Some members of the board wanted to get commissioners involved in the conversation sooner. Ross suggested bringing in Mayor Brad Finkeldei and City Commissioner Mike Dever to a future meeting to talk about the ordinance with the board. In addition to being Lawrence’s last mayor, Dever was also the mayor in 2008 and launched a Climate Protection Task Force that led to the development of the 2009 plan.
“Let’s get our last mayor and the current mayor talking about climate change and renewable energy and efficiency,” Ross said. “That sounds like a great discussion.”
As for what the “teeth” of the amended ordinance might be, the board members had several suggestions.
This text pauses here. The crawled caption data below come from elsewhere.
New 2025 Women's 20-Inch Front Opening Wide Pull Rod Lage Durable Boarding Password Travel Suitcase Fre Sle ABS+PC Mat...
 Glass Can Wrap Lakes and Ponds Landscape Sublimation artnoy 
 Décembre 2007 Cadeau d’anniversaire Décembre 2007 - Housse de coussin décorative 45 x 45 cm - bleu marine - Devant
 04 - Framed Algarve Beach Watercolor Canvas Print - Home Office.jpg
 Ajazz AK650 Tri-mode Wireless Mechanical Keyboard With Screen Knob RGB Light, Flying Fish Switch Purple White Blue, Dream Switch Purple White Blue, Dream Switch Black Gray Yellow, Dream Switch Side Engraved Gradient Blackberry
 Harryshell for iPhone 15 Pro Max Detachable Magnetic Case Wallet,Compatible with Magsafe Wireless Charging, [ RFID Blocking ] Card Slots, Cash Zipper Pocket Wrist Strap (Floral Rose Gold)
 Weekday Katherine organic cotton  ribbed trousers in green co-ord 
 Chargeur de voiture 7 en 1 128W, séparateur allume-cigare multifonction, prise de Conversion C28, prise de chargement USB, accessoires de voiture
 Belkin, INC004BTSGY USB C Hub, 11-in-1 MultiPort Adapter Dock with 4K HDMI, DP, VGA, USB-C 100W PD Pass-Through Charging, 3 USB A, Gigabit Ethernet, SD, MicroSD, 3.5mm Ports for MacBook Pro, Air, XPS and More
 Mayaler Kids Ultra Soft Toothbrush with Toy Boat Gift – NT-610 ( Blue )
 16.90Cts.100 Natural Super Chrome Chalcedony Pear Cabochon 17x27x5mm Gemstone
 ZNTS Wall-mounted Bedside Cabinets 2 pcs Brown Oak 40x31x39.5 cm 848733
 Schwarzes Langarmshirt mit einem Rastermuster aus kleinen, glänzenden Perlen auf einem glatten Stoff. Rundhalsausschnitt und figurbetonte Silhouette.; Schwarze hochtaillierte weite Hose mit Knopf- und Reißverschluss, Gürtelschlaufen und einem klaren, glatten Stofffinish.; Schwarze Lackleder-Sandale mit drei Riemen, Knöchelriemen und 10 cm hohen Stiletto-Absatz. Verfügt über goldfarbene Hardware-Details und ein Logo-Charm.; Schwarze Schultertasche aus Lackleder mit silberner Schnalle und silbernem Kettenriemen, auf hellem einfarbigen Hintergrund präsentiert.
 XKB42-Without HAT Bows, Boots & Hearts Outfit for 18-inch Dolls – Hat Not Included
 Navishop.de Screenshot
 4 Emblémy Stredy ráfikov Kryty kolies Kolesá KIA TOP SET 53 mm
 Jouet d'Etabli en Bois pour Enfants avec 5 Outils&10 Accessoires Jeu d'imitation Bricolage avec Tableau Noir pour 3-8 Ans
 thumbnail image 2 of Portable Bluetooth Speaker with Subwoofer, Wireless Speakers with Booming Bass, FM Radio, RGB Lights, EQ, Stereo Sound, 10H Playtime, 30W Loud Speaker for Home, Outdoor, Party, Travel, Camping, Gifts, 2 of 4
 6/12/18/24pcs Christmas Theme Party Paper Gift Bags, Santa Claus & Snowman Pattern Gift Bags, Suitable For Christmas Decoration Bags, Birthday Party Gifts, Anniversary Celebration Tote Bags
Chris Reiner said the ordinance could specify how much money the city had to put toward climate protection, “You have to make a financial commitment to actually pursue this,” he said. Muma suggested there could be someone responsible for seeking out climate grants or calculating cost savings from energy efficiency improvements.
Fatemi, in his sketch of an amended ordinance, also envisioned a dashboard to share data with the public, and Reiner agreed that some kind of “transparency tracker” was needed.
But bigger than all these goals was the goal of bringing accountability to the city’s climate plans, and Johnson urged them to keep working toward that.
“The whole thing is not an easy thing,” she told them. “… It’s not just the will. You may have the will to do it, but you’ve got to have the resources to do it. So the city does have to be held accountable for providing those resources.”